Pictures with short captions:
################
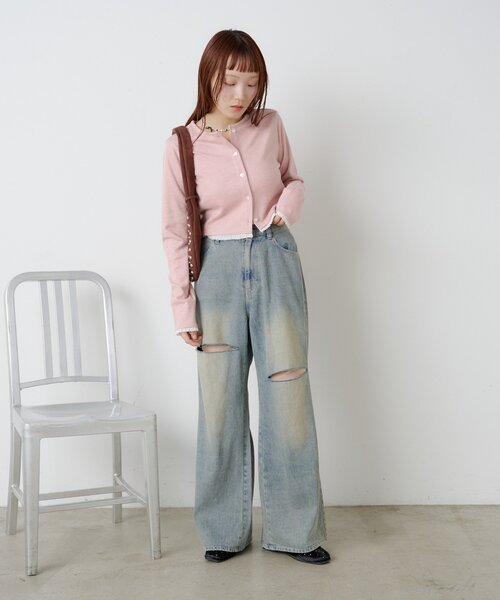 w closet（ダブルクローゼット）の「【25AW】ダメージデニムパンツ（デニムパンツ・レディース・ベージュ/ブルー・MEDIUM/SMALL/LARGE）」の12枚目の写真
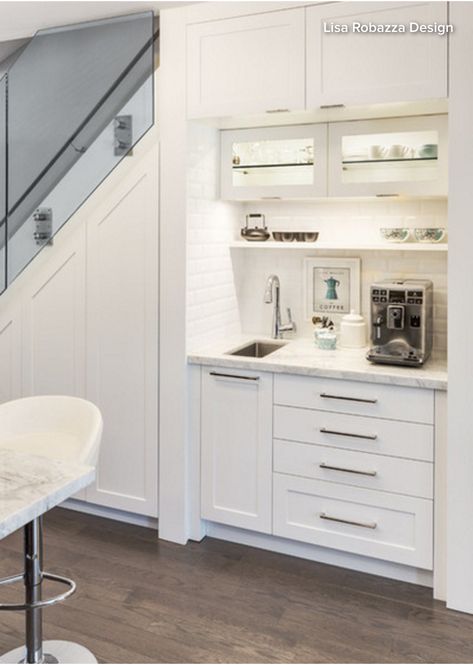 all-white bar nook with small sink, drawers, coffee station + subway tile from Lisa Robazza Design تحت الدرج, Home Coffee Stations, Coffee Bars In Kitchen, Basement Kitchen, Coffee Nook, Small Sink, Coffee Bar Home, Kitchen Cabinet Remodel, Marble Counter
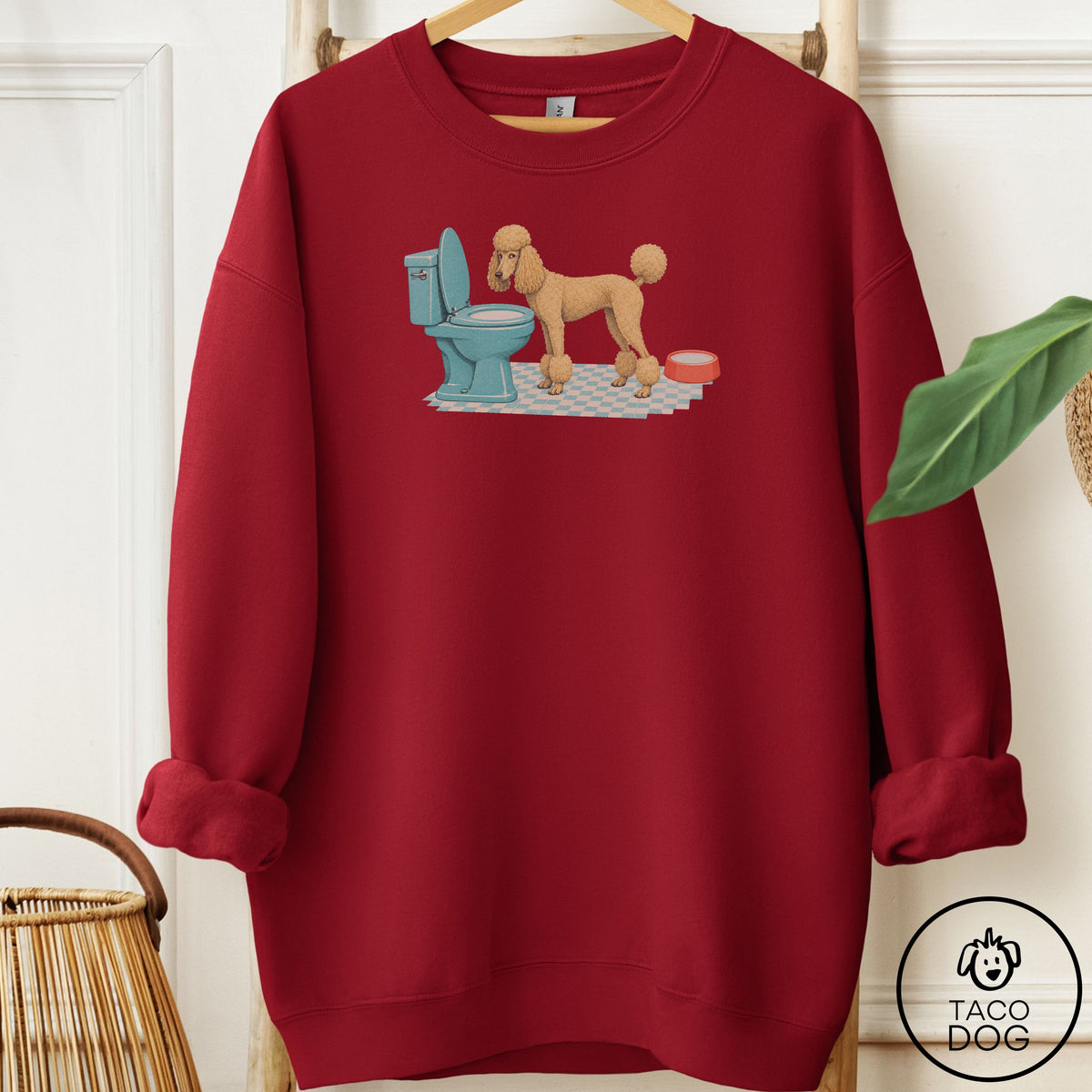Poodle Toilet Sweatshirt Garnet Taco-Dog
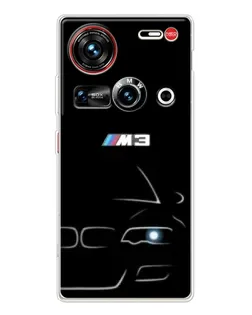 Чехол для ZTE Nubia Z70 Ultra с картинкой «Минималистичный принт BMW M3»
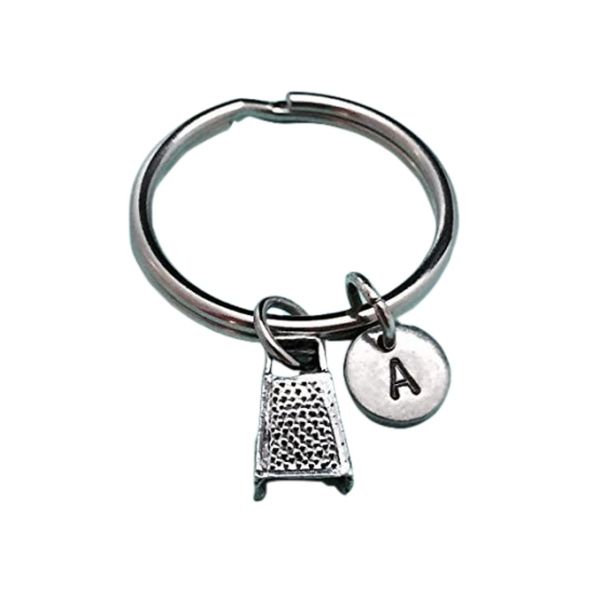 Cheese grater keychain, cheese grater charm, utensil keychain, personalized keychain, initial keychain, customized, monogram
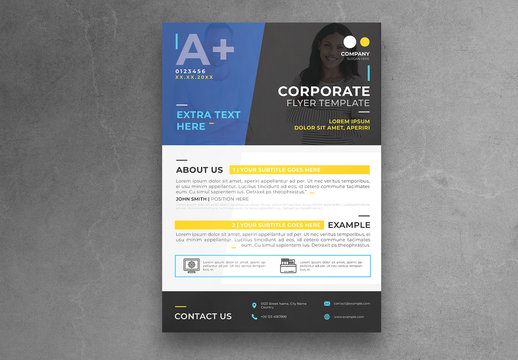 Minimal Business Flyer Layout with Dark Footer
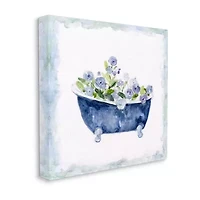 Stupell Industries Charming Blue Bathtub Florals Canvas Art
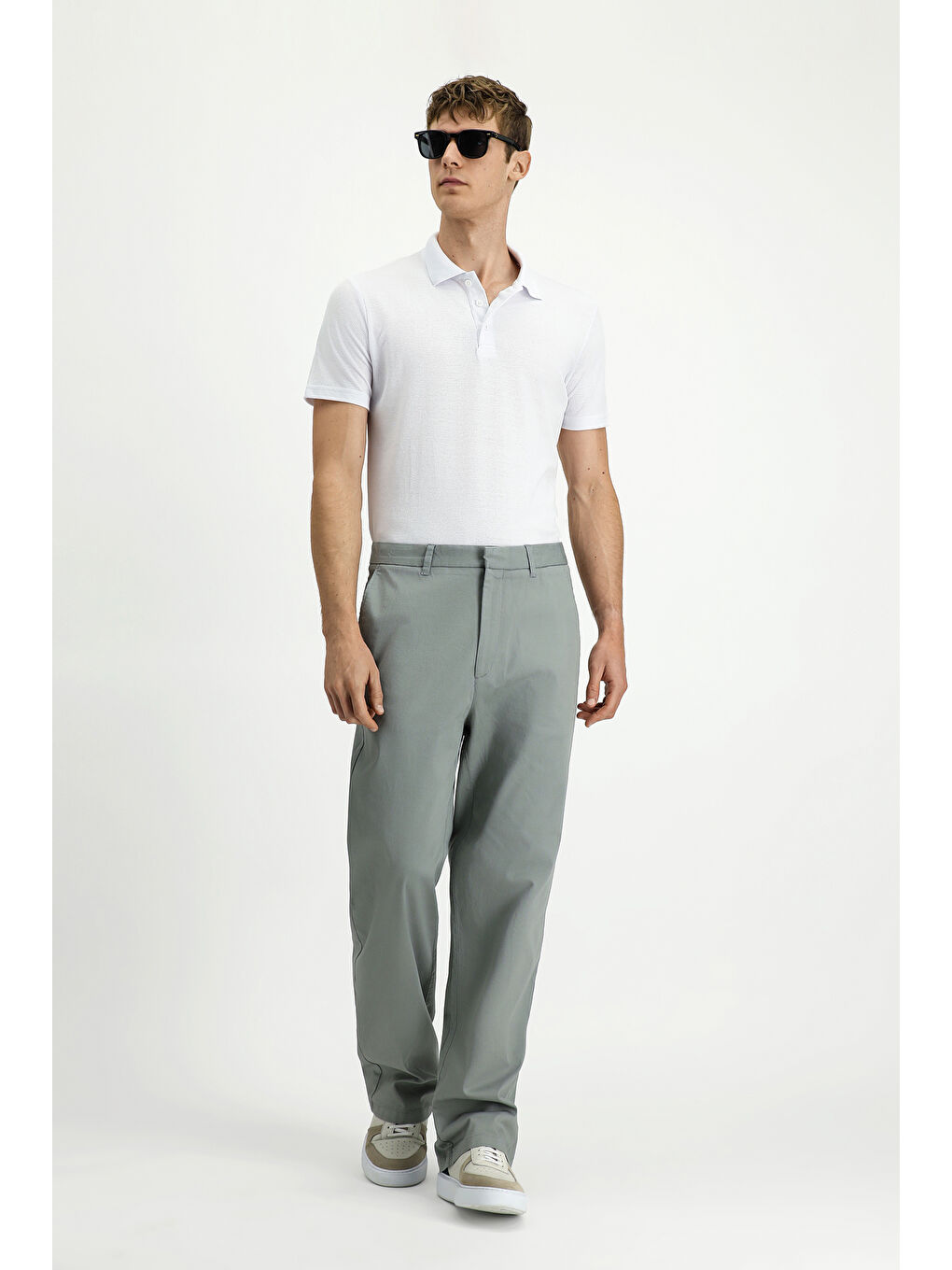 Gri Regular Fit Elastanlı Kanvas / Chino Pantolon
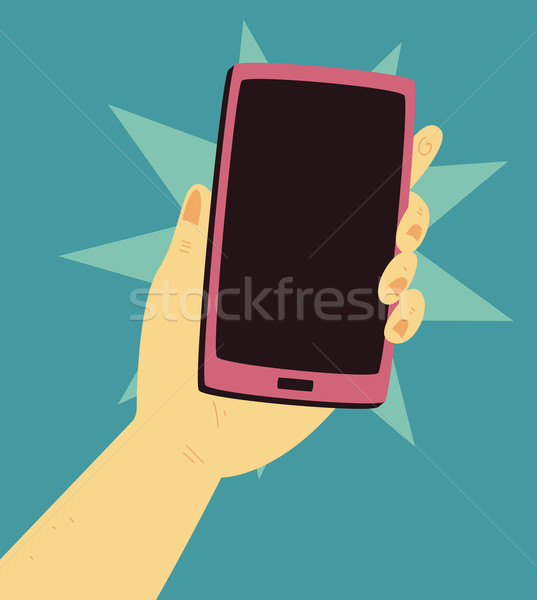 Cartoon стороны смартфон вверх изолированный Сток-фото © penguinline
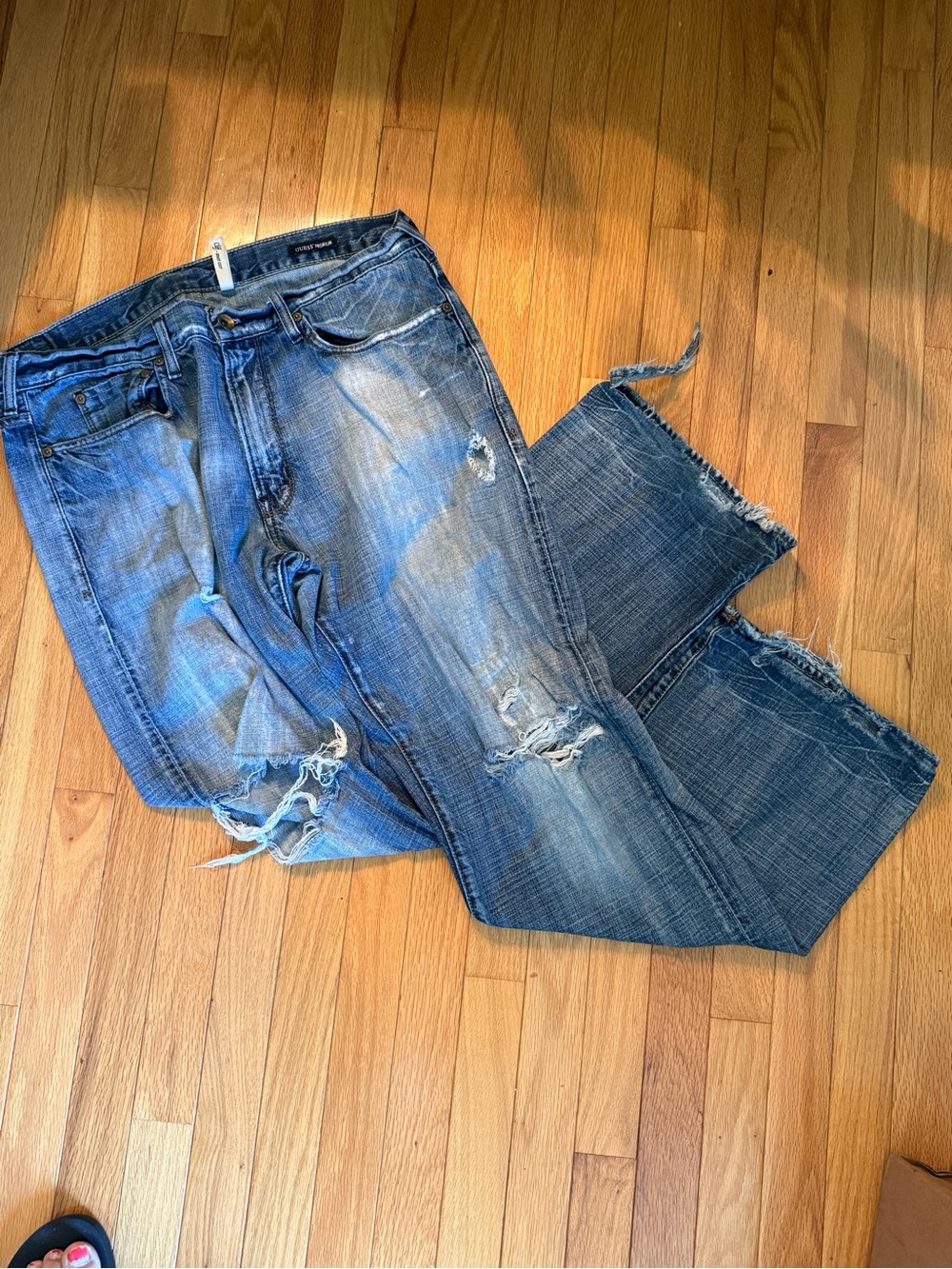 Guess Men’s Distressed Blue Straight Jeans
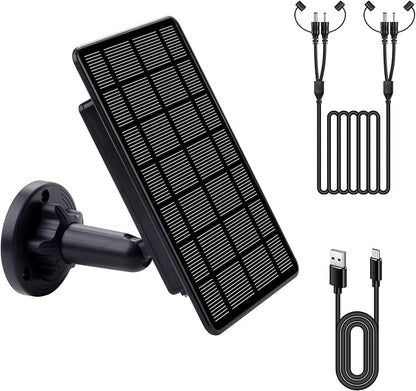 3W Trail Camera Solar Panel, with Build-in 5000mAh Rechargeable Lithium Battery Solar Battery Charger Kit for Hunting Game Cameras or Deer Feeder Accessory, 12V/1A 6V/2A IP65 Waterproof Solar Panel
################
PROMPT: Nothing is needed beyond an exact transcription of the lines from the one containing "Stupell Industries Charming" to the end of the entries above, with the pictures omitted.

RESULT:
 Stupell Industries Charming Blue Bathtub Florals Canvas Art
 Gri Regular Fit Elastanlı Kanvas / Chino Pantolon
 Cartoon стороны смартфон вверх изолированный Сток-фото © penguinline
 Guess Men’s Distressed Blue Straight Jeans
 3W Trail Camera Solar Panel, with Build-in 5000mAh Rechargeable Lithium Battery Solar Battery Charger Kit for Hunting Game Cameras or Deer Feeder Accessory, 12V/1A 6V/2A IP65 Waterproof Solar Panel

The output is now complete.